Opsi “nomor anonim” diperkenalkan di Telegram pada akhir tahun 2022, memungkinkan pengguna untuk masuk ke Telegram tanpa menggunakan kartu SIM.
Daripada mengandalkan kartu SIM, pengguna dapat login menggunakan nomor anonim berbasis blockchain yang tersedia di platform seperti Fragment.
Ekosistem TON TVL melonjak 4,500% pada tahun 2024

Lonjakan aktivitas phishing di ekosistem TON terjadi di tengah pertumbuhan besar-besaran proyek berbasis TON, termasuk mata uang kripto asli TON, Toncoin (TON), serta token play-to-earn Notcoin (NOT).
Game clicker dan token seperti Notcoin telah muncul sebagai salah satu pendorong utama ekosistem TON pada tahun 2024, mendapatkan popularitas besar di kalangan pengguna Telegram.
Pada saat penulisan, ekosistem TON berisi 43 token dengan total kapitalisasi pasar USD19,2 miliar (Rp315 triliun), menurut data dari Bitget. Total nilai terkunci (TVL) di berbagai proyek TON saat ini setara dengan USD648 juta (Rp10,6 triliun), naik 4,500% sejak 1 Januari 2024, menurut data DefiLlama.
Di tengah pertumbuhan eksponensial TON pada tahun 2024, banyak platform keamanan telah memperingatkan pengguna terhadap serangan phishing dan penipuan.

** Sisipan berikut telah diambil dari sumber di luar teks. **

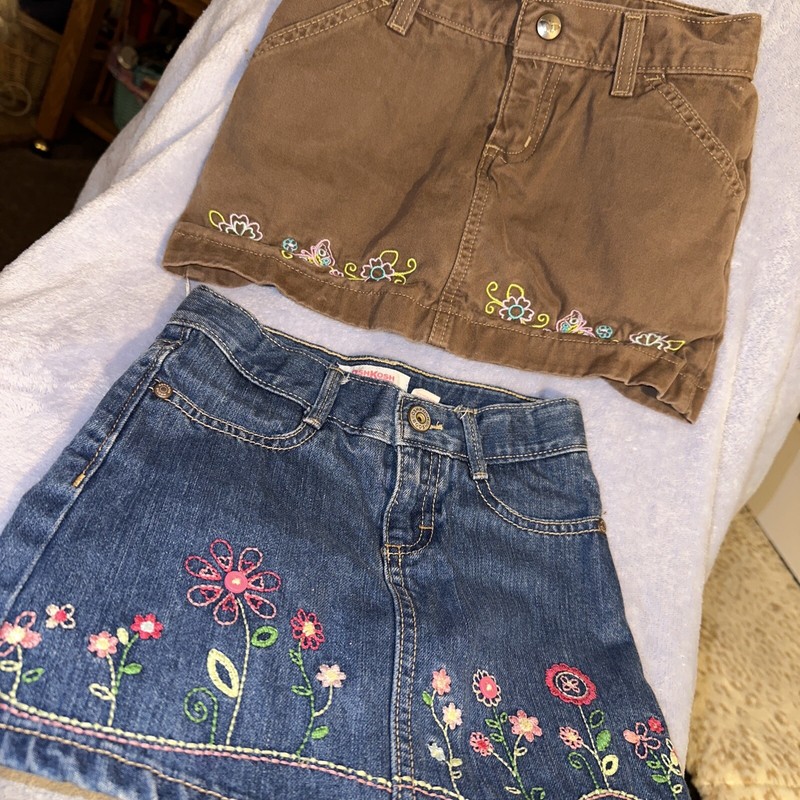 2 SKIRT LOT OSHKOSH SONOMA DENIM SHORT LINED SZ 5 & 6X
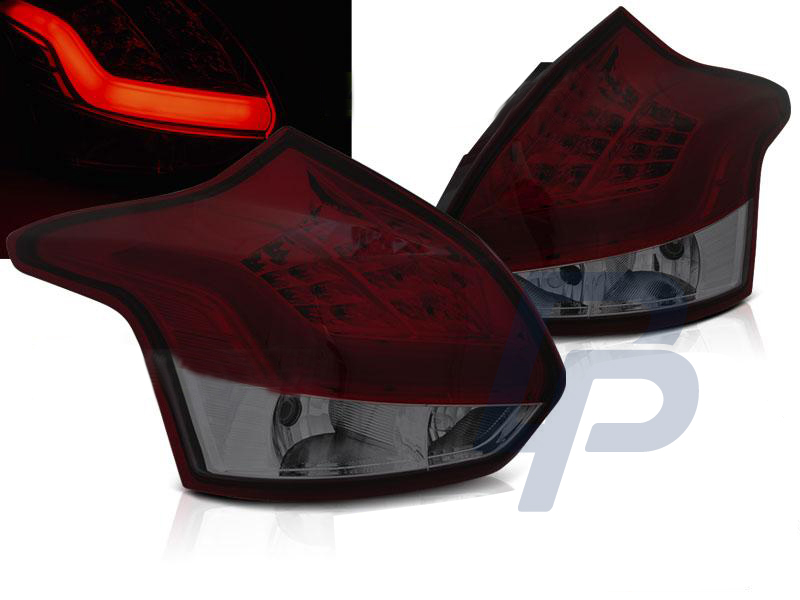 FORD FOCUS 3 11-10.14 HATCHBACK RED SMOKE LED TAILLIGHTS BAR - 4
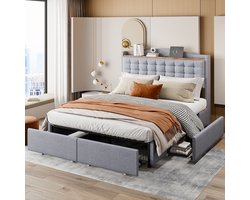 Clruro Gestoffeerd Bed 140x200 cm - met USB en 4 Lades - Linnen - Grijs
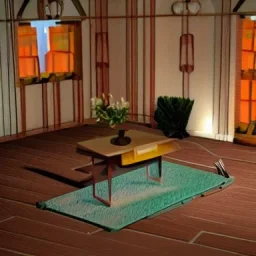 Diorama of a room interior with stuff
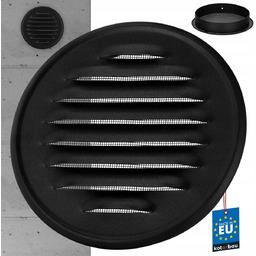 Kratka Osłona Wentylacyjna Czarna 150 Mm Zatrzask Okrągła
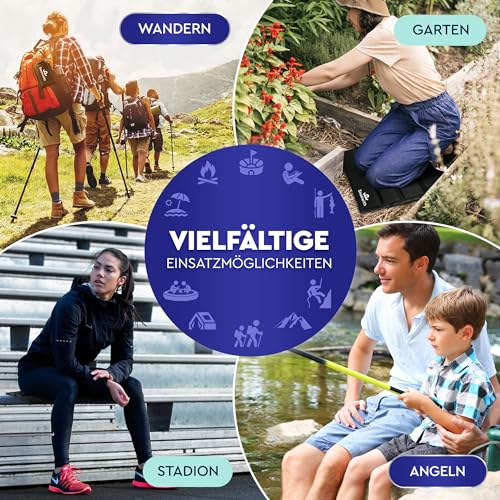 Faltbares Iso-Sitzkissen Outdoor Sitzmatte (35x35cm) mit Tragetasche + Karabinerhacken für idiale Befestigung am Rucksack maximaler Schutz vor Kälte Nässe Schmutz SCHWARZ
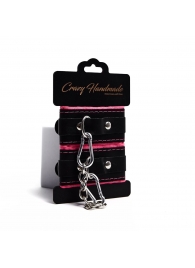 Черно-розовые скругленные наручники с мягкой подкладкой - Crazy Handmade - купить с доставкой в Томске Черно-розовые скругленные наручники с мягкой подкладкой - Crazy Handmade - купить с доставкой в Томске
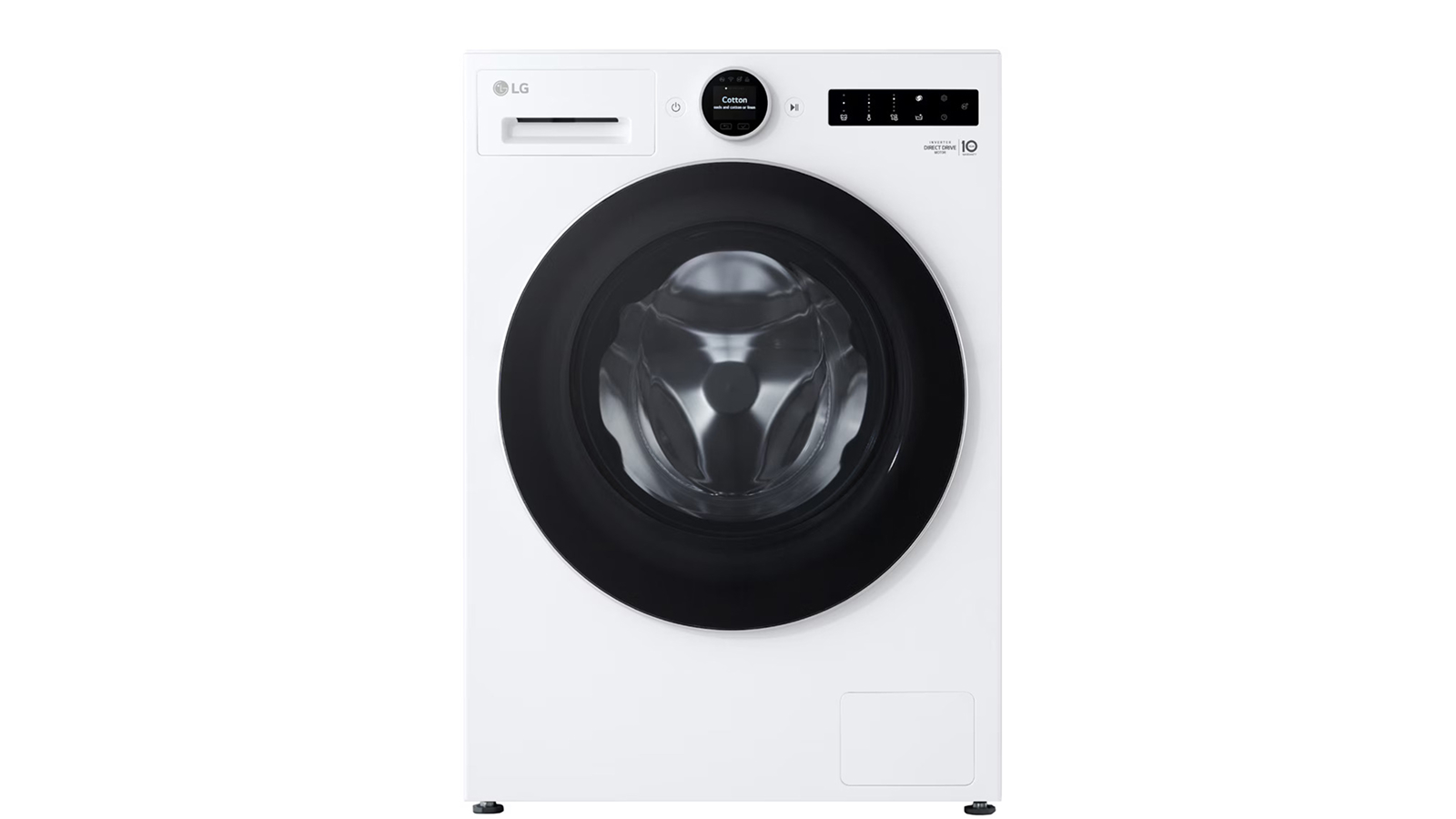 The front view image of white LG washing machine.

Pada bulan April, pakar keamanan dari perusahaan keamanan siber Kaspersky memperingatkan masyarakat terhadap penipuan besar-besaran yang melibatkan pengguna ekosistem TON. Skema penipuan ini melibatkan alat seperti bot Telegram tidak resmi yang digunakan untuk mencuri koin pengguna dengan menghubungkan Dompet mereka, dompet mata uang kripto pihak ketiga di Telegram, ke sistem bot.